Jonathan S. Cole, Washington Appellate Defender Ass'n, Seattle, for petitioner.

Norman K. Maleng, King County Prosecutor, Cindy K. Smith, Deputy, Seattle, for respondent.

ANDERSEN, Justice.

FACTS OF CASE

This case is before us on discretionary review. The defendant, Richard L. Bergeron, appealed his juvenile court conviction of the crime of attempted burglary in the second degree. The Court of Appeals affirmed. 1 We also affirm.

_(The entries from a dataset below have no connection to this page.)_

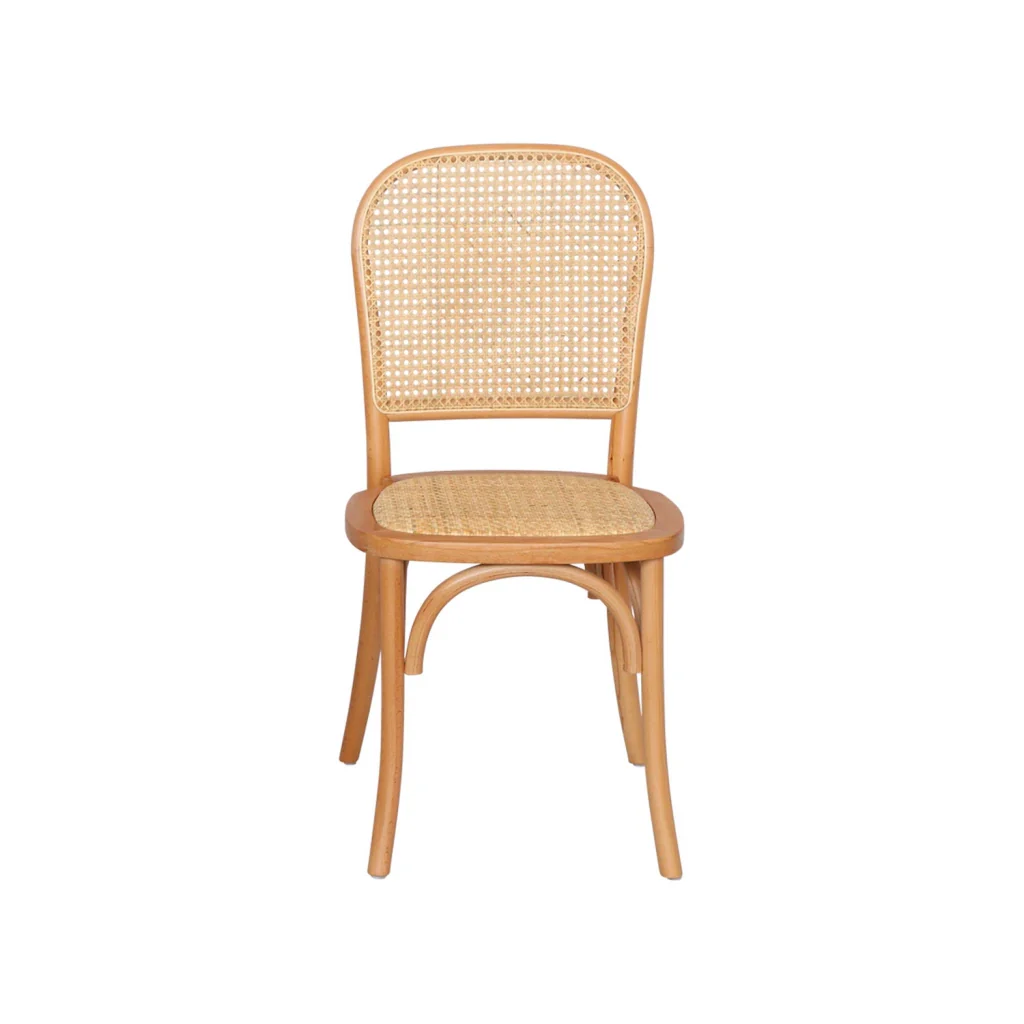 Set di 4 sedie in legno e rattan vintage , marrone naturale - Image 5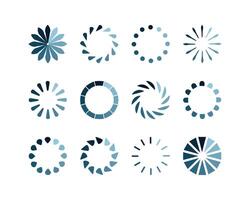 Twelve stylish loading icons in varying shades of blue. Perfect for websites, apps, and presentations needing a modern, clean aesthetic. vector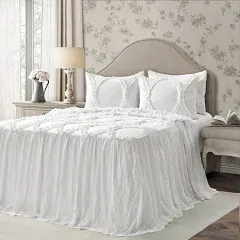 Lush Decor Riviera Ruffle Skirt Bedspread Gray Vintage Chic Farmhouse Style Lightweight 3 Piece Set, Queen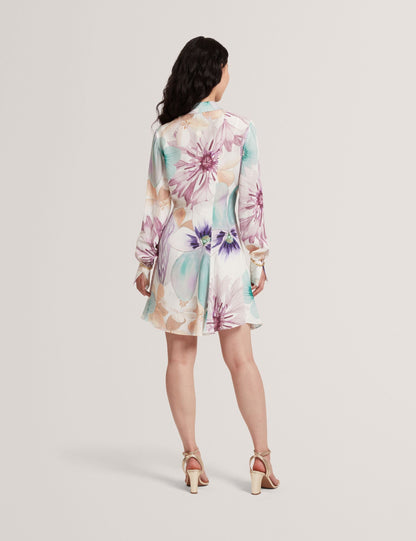 Ted Baker White Pastel Floral Print Mini Shirt Dress Women's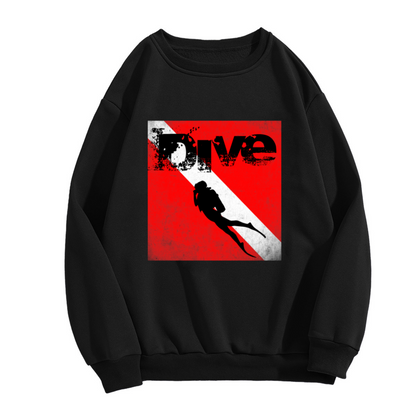 Dive Scuba Diver Flag Vintage Distressed Diving Fan Crewneck Sweatshirt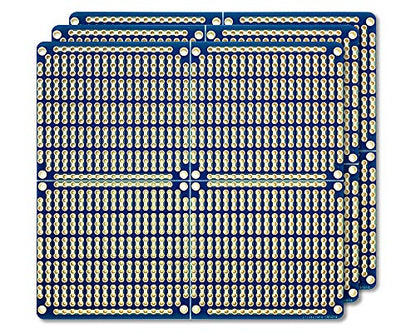 ElectroCookie Snappable PCB, Strip Board with Power Rails for Electronics Projects Compatible for DIY Arduino Soldering Projects, Gold-Plated, 3.8"x3.5" (3 Pack, Blue) - color: Blue (3Pack)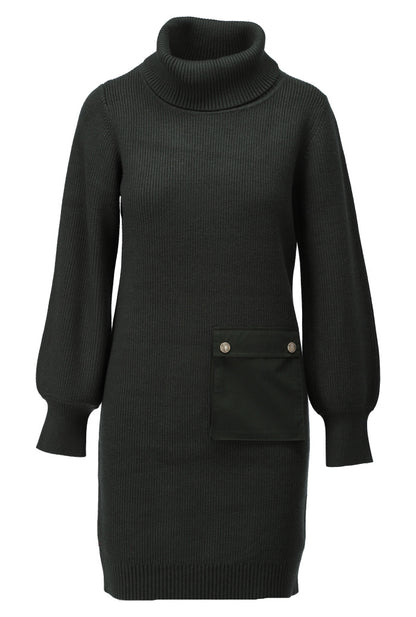 Turtleneck Utility Knit Dress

The findings and conclusions entered by the juvenile court summarize the facts and that court's resolution of the case:

FINDINGS OF FACT

I.

On or about April 17, 1983 Officer Shaw of the King County Department of Public Safety contacted [the victim] at [her residence in] Seattle. The contact was in regards to a report of a prowler. [The victim] heard a tremendous crash in their [sic] basement at 3:15 a.m. and when Officer Shaw arrived at [the victim's] home he discovered a broken window in the basement that had been opened. No basement windows were broken in [the victim's] home prior to 3:15 a.m. on April 17, 1983, and [the victim] gave no one permission to enter her house or break her window.

II.

Officer Wardstrom arrived with a police dog to track the person who broke [the victim's] window. The dog ultimately found the respondent [Bergeron]. Officer Wardstrom is trained in dog tracking and is qualified to determine when a dog is on someone's track, and Sarge, Officer Wardstrom's police dog has been successfully trained in tracking. Sarge is the dog that tracked the respondent.

III.

Officer Shaw advised the respondent of his constitutional rights per Miranda. The respondent understood his constitutional rights and he waived his constitutional rights. The respondent gave a written statement indicating he was cutting through the back yards of homes in the vicinity of Evergreen High School, and while traveling north from 10th S.W. and S.W. 114th he stopped at a two-story house in the middle of the block. He went to the north side of the two-story house and threw a rock through the basement window and slid it open. He was going to go into the house but he took off, and was later caught by a police dog.

IV.

All of the above-stated facts occurred in King County, Washington; from the foregoing findings of fact, the court now makes the following:

CONCLUSIONS OF LAW

I.

The above-entitled court has jurisdiction over the subject matter and of the respondent Richard Lee Bergeron, in the above-entitled cause.

II.

The respondent Richard Lee Bergeron, on or about April 17, 1983, did attempt to enter and remain unlawfully in a building other than a vehicle.

III.

The respondent did so with intent to commit a crime therein.

IV.

These acts occurred in King County, Washington.

V.

The respondent is guilty of attempted burglary in the second degree.

(Italics ours.)

Two principal issues are presented.

ISSUES

ISSUE ONE. Is the intent to commit a specific crime inside the burglarized premises an "element" of the crime of burglary?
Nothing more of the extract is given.